[Records contained in a dataset]
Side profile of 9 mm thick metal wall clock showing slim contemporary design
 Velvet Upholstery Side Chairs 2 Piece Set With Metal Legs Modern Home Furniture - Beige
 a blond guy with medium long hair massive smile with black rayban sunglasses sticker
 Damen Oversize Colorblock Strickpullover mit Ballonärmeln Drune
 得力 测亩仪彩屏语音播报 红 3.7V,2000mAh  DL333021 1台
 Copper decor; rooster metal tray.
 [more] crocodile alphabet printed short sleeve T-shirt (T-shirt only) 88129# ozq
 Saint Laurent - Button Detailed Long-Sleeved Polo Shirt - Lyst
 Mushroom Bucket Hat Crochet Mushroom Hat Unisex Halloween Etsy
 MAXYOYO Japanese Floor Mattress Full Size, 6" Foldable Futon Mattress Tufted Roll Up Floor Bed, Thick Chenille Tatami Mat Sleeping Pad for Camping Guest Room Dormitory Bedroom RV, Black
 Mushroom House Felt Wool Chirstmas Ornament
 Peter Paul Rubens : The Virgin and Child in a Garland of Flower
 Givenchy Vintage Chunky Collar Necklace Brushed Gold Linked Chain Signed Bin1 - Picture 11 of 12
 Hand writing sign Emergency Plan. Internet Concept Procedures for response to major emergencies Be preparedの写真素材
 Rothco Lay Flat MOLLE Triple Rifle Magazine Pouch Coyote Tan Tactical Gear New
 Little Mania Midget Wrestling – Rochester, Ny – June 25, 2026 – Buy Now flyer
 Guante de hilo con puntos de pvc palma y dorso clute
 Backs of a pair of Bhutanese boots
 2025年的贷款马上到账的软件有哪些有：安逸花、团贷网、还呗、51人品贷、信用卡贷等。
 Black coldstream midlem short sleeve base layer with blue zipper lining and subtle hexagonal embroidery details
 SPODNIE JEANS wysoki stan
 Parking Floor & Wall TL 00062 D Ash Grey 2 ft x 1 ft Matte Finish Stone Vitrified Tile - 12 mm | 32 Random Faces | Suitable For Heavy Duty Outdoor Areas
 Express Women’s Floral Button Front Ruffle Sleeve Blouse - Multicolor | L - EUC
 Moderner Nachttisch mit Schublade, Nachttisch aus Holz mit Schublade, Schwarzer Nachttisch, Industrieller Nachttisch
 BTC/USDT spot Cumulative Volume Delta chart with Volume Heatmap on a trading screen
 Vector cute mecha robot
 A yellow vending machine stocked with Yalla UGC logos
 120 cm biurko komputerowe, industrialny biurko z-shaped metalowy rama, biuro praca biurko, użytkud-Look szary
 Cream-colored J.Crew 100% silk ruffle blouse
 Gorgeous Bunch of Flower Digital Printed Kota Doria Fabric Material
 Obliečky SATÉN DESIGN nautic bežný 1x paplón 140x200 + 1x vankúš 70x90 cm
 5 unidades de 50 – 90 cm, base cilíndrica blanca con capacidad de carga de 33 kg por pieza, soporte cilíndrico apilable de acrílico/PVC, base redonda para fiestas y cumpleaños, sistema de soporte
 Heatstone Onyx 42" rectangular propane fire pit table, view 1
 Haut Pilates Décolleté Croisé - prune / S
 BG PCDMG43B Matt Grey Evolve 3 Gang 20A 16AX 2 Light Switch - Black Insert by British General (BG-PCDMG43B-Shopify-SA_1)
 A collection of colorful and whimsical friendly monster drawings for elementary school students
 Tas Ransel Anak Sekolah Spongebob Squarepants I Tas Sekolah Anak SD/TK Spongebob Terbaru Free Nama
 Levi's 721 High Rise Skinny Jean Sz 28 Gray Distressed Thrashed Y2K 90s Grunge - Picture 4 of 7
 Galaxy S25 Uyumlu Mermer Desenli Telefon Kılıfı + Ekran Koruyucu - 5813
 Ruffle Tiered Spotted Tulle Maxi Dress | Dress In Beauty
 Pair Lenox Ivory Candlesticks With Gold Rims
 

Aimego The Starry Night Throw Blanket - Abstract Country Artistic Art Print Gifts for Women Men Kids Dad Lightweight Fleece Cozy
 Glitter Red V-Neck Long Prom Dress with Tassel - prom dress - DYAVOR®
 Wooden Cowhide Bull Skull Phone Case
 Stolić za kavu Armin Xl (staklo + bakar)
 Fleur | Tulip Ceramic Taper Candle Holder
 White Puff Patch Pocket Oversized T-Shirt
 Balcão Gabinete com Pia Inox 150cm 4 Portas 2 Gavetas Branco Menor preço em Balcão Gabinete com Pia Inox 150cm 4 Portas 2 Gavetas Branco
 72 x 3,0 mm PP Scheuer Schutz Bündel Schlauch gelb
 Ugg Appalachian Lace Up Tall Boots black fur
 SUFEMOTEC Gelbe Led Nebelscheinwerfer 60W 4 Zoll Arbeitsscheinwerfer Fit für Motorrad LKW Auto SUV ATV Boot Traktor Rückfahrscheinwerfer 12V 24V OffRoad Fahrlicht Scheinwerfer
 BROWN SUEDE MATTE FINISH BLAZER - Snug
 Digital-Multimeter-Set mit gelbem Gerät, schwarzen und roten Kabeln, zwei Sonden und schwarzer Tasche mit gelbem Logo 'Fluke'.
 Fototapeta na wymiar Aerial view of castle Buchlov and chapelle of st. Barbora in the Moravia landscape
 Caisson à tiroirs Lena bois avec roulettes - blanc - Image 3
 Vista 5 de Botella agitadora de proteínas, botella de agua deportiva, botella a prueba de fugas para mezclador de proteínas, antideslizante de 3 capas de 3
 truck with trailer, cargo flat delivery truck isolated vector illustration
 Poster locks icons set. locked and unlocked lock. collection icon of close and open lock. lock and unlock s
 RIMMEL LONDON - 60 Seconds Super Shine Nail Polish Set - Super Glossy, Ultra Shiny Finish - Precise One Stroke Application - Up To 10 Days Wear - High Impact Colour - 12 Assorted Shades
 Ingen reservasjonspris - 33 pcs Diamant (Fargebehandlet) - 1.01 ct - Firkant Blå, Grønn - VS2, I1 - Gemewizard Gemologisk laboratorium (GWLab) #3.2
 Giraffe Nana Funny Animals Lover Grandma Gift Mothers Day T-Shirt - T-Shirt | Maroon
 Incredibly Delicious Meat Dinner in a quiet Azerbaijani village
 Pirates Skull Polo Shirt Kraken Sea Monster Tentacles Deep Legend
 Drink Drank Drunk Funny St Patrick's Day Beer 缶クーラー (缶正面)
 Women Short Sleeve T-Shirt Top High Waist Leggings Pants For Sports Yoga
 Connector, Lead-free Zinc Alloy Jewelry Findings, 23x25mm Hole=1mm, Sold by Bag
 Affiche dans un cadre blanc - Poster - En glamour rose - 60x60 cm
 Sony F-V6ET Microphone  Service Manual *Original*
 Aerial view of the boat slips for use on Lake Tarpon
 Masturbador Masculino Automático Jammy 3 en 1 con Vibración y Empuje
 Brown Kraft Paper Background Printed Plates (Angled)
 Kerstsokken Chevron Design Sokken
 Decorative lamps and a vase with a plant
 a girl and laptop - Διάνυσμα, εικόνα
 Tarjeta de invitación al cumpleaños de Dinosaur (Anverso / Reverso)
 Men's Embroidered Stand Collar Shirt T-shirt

[What is needed] Among the records, find all lines that include the string "collection" and return them.

[Response]
 A collection of colorful and whimsical friendly monster drawings for elementary school students
 Poster locks icons set. locked and unlocked lock. collection icon of close and open lock. lock and unlock s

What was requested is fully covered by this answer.